The moment of inertia for an axis through the center of mass of a diatomic molecule calculated from the wavelength emitted in an $I=19\to I=18$ transition is different from the moment of inertia calculated from the wavelength of the photon emitted in an $I=1\to I=0$ transition. Explain this difference. Which transition corresponds to the larger moment of inertia?

Short answer

At the transition, $I=1\to I=0$ the moment of inertia is larger.

Step-by-step solution

Definition of moment of inertia

A measurement of a body's resistance to angular acceleration about a specific axis that is equal to the product of each mass component's mass and its squared distance from the axis.

Determine which transition has greater energy (of photon)

Use the formula of rotational energy levels of a diatomic molecule.
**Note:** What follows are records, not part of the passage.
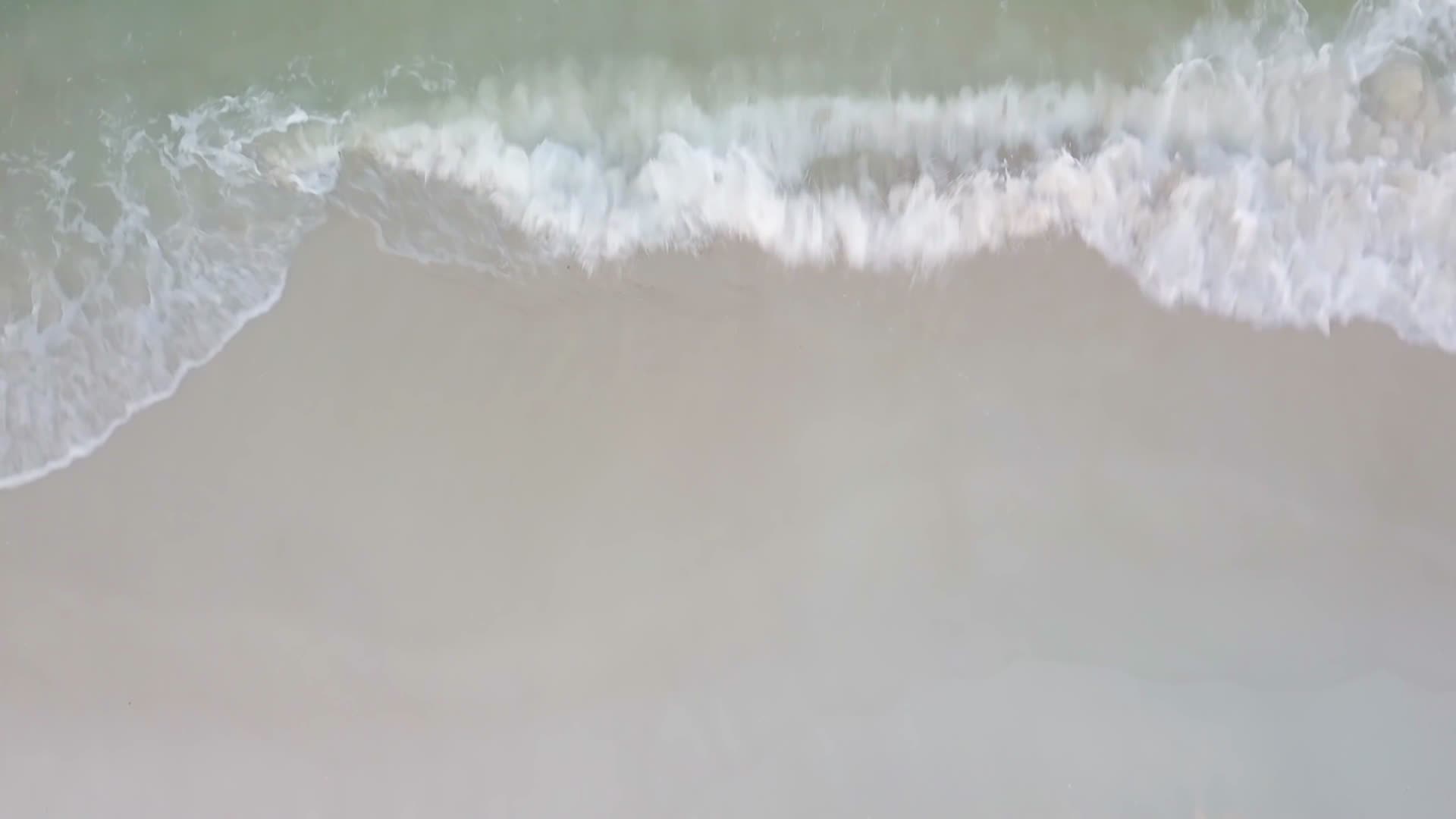 白色的浪花冲向海滩沙滩4k视频的预览图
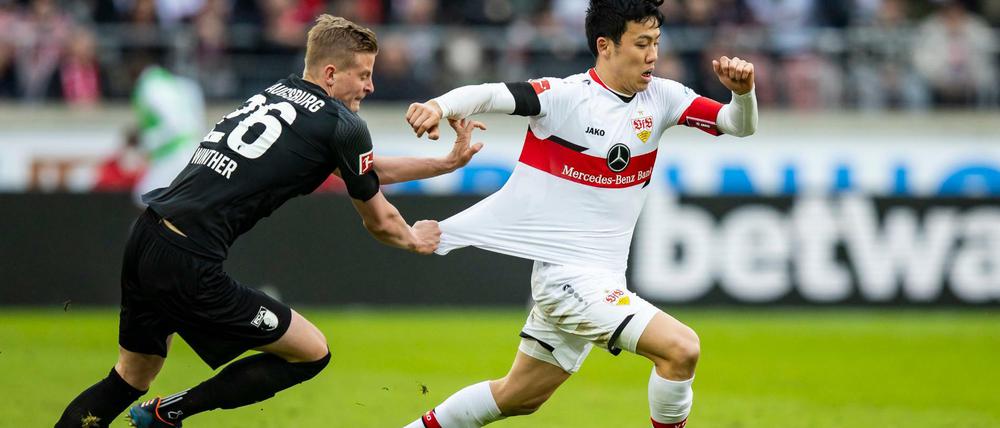 Augsburgs Frederik Winther (li.) zerrt am Trikot von Stuttgarts Wataru Endo (re.). Den Heimsieg von Stuttgart kann er dann aber auch nicht verhindern.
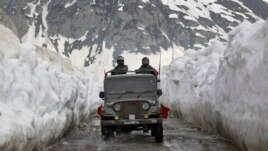 Indian army soldiers travel in a vehicle on a mountainous road covered by snow after the Srinagar-Leh highway was opened to traffic in Zojila, 108 km (67 miles) east of Srinagar April 25, 2012. The 443 km (275 miles) long highway was opened by Indian army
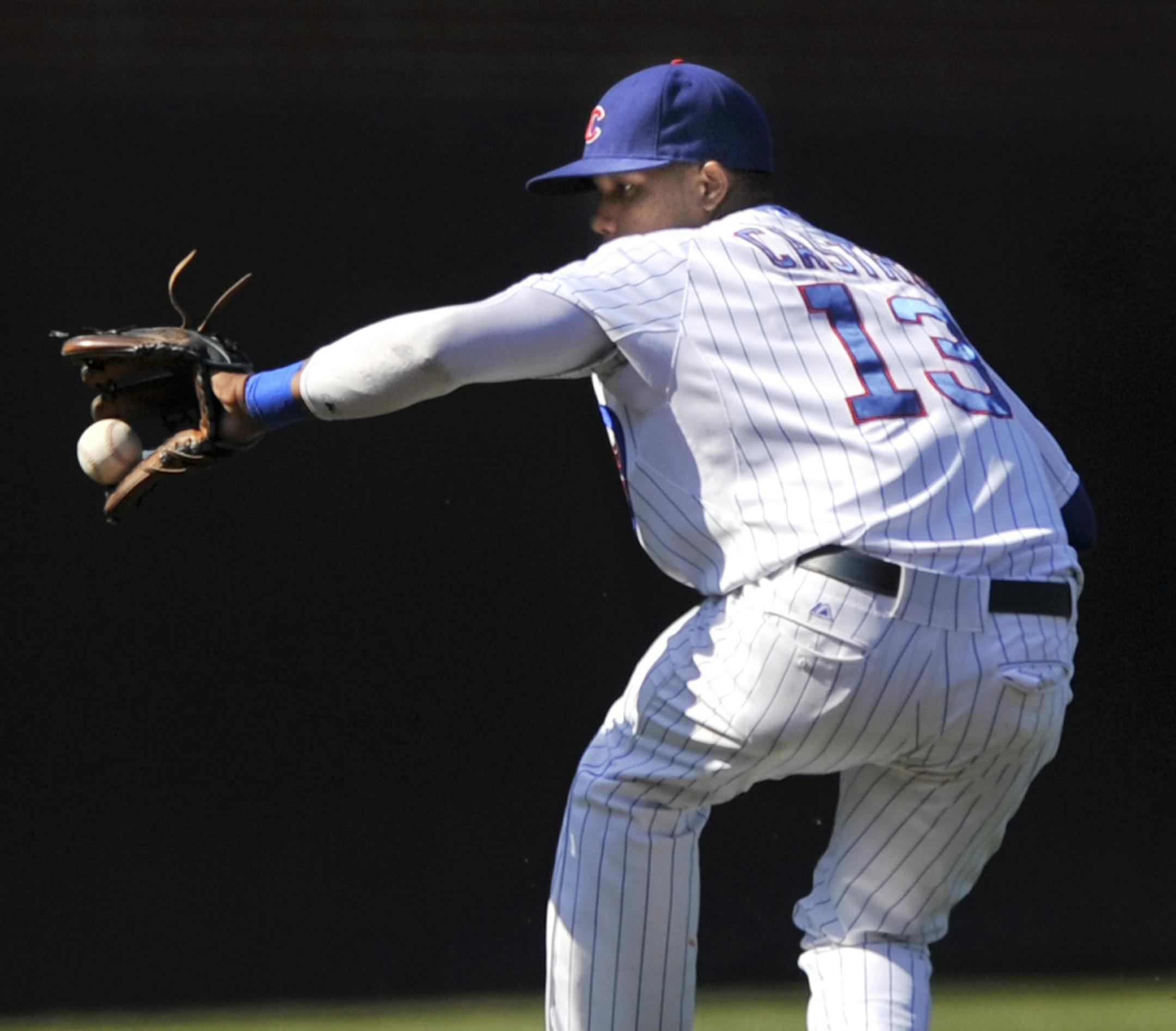 Chicago Cubs shortstop Starlin Castro stops a grounder hit by St. Louis Cardinals' Pete Kozma during the fourth inning of a baseball game in Chicago, Saturday, Aug. 17, 2013. St. Louis won 4-0. (AP Photo/Paul Beaty)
$E_I=I(I+1)\frac{h^2}{2l}\text{with}I=0,1,2,\dots \dots$

Now,

$\Delta E_{big}~19(19+1)-18(18+1)=38$

And

$$\begin{gathered} \Delta E_{\text{smaII}}~1(1+1)-0(0+1)=2 \\ \Delta E_{big}>\Delta E_{\text{smaII}} \end{gathered}$$

Therefore, this can also be verified by measuring the wavelength of the emitted photon at each transition. In the first case, the wavelength is shorter than in the second case.

Determine which transition has greater moment of inertia

Now, since $\Delta E~\frac{h}{2l}\Rightarrow I~\frac{h}{2\Delta E}\mid$

Thus, the photon which is the least energetic has the longest wavelength which corresponds to the greatest moment of inertia. Whereas the photon, which is more energetic has a shorter wavelength, thus corresponding to smaller moment of inertia.

Therefore, at transition $I=1-I=0$ the moment of inertia is larger.